───── DATA RECORDS
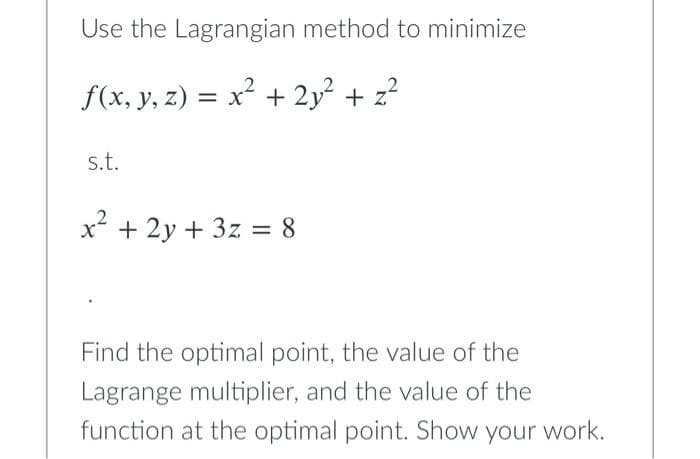 Use the Lagrangian method to minimize
f(x, y, z) = x² + 2y² + z²
s.t.
x² + 2y + 3z = 8
Find the optimal point, the value of the
Lagrange multiplier, and the value of the
function at the optimal point. Show your work.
──────────
WHAT THE TASK ASKS
Make a list of all lines in the data that contain "optimal".

OUTPUT OF THE EXERCISE
Find the optimal point, the value of the
function at the optimal point. Show your work.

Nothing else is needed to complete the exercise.